## Exercise requirements
From the listing below, reproduce exactly the lines starting with the one with "Processing video with" and going on through the one with "Sorry about the", both ends kept. No picture is copied.

## Task material
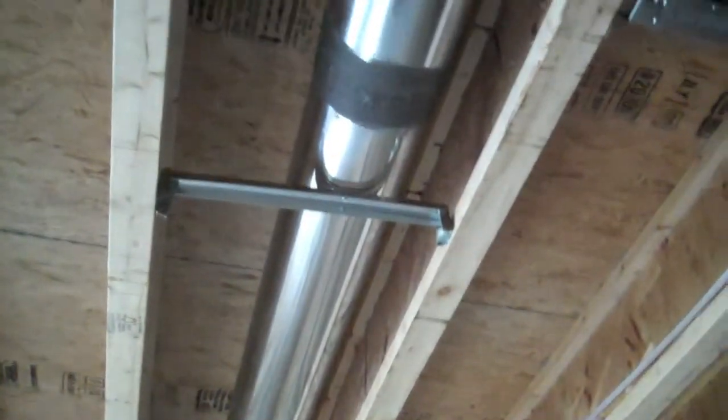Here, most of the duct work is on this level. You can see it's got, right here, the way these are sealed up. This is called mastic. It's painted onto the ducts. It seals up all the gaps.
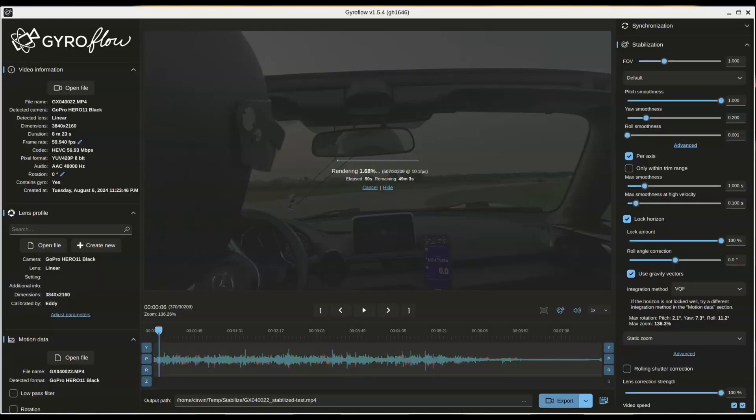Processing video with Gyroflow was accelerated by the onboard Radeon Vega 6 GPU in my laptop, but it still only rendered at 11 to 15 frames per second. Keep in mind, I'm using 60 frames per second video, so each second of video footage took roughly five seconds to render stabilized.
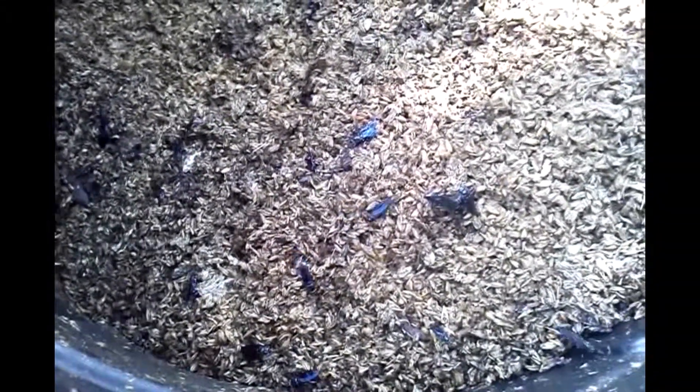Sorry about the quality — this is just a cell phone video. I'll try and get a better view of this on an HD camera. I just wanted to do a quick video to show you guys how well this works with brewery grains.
* * *
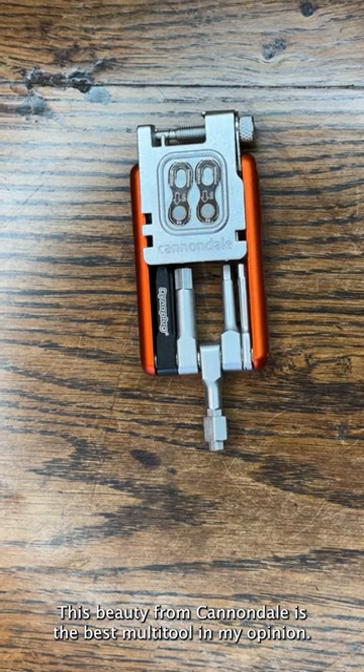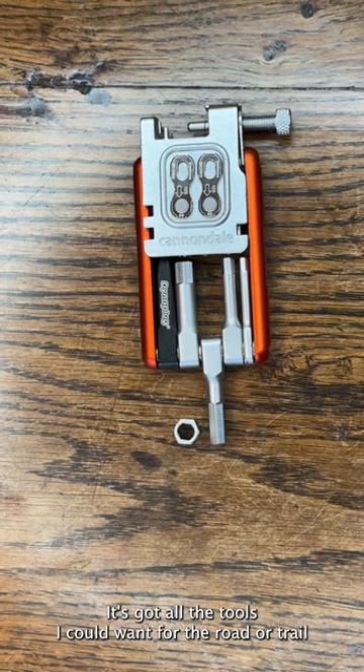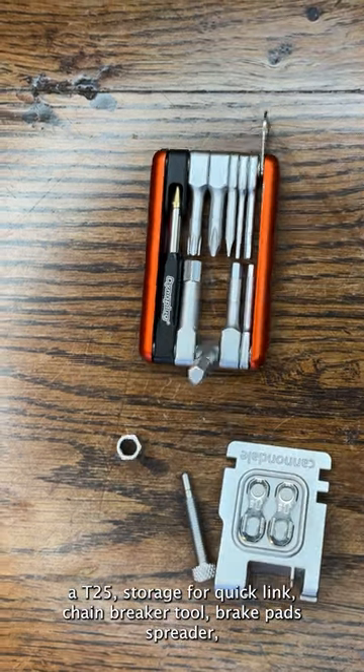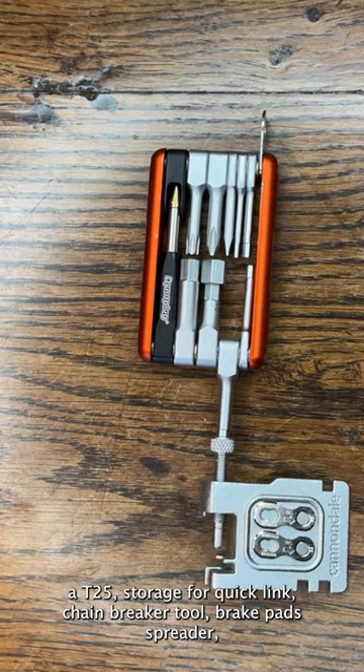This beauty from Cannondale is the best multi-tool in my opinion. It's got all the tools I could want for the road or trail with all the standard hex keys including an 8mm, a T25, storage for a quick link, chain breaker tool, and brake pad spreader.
---
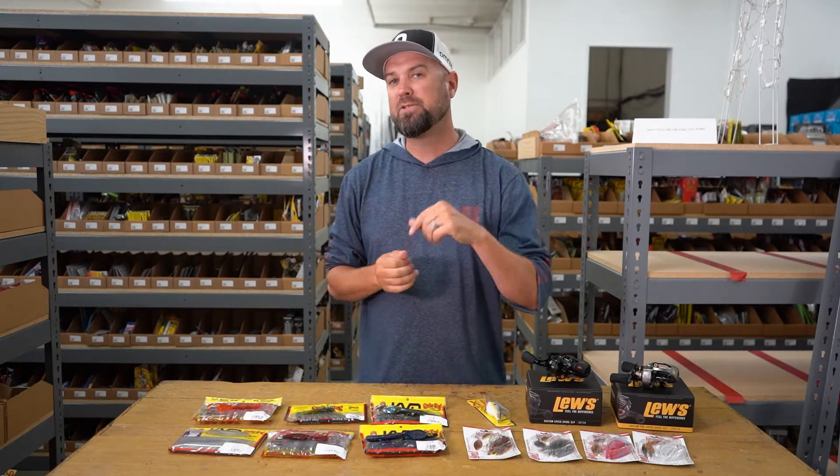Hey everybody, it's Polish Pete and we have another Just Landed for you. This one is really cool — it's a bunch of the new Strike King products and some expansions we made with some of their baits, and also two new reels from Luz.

## Written response
Processing video with Gyroflow was accelerated by the onboard Radeon Vega 6 GPU in my laptop, but it still only rendered at 11 to 15 frames per second. Keep in mind, I'm using 60 frames per second video, so each second of video footage took roughly five seconds to render stabilized.
Sorry about the quality — this is just a cell phone video. I'll try and get a better view of this on an HD camera. I just wanted to do a quick video to show you guys how well this works with brewery grains.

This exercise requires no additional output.